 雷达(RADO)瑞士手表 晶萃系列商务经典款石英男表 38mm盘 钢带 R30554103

::::

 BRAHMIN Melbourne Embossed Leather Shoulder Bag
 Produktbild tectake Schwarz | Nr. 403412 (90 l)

::::

Above are the records. Print exactly, and only, the lines from the line with "BRAHMIN Melbourne Embossed" to the line with "Produktbild tectake Schwarz", both inclusive.

 BRAHMIN Melbourne Embossed Leather Shoulder Bag
 Produktbild tectake Schwarz | Nr. 403412 (90 l)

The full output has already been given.